L’ESS sous tension, à la recherche de la bonne taille

Derrière des modalités variables (groupement d’intérêt économique, groupement de coopération sociale et médico-sociale, groupe économique solidaire, société de groupement d’assurances mutuelles, fusion-absorption, etc.), des restructurations importantes sont à l’ordre du jour dans la plupart des secteurs de l’économie sociale, le contexte étant favorable à une telle évolution. Dans certains secteurs, l’internationalisation des marchés y pousse ; dans d’autres, l’entrée de concurrents lucratifs de taille et de force de frappe commerciale massive peut y contraindre. Parfois, l’évolution des normes et des réglementations encadrant l’activité tend à disqualifier des entreprises de petite taille de l’économie sociale. Enfin, dans leur souhait légitime de réviser les politiques publiques, les pouvoirs publics imposent, parfois même sans discussion, des regroupements dont ils espèrent des économies. Les raisons sont multiples et variables selon les secteurs d’activité, mais il est peu d’exemples où elles ne se manifestent pas du tout.

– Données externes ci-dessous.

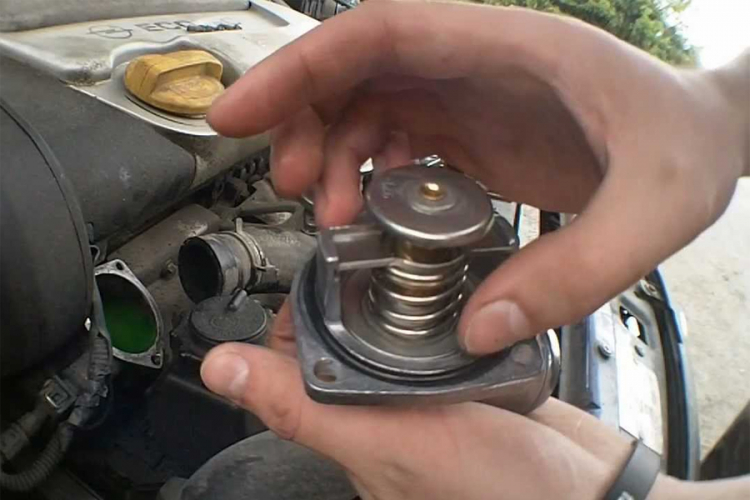 Pregled i servis termostata spašavaju motor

Ces restructurations mettent sous de fortes tensions les entreprises de l’économie sociale. Bien sûr, celles-ci connaissent les vertus de la coopération et de la mutualisation, qu’elles pratiquent souvent dans leur fonctionnement interne, mais avec les autres acteurs de l’économie sociale, qui peuvent être des concurrents ou dont les valeurs sont partiellement différentes, leur mise en oeuvre est souvent plus délicate et donc plus rare. Or, dans cette course à la taille pour obtenir économies d’échelle et levier de développement sur les marchés, la coopération et la mutualisation entre acteurs de l’économie sociale peuvent être des alternatives innovantes pour parvenir à une performance économique pertinente tout en préservant l’ancrage territorial et la proximité comme la volonté d’une gouvernance participative effective.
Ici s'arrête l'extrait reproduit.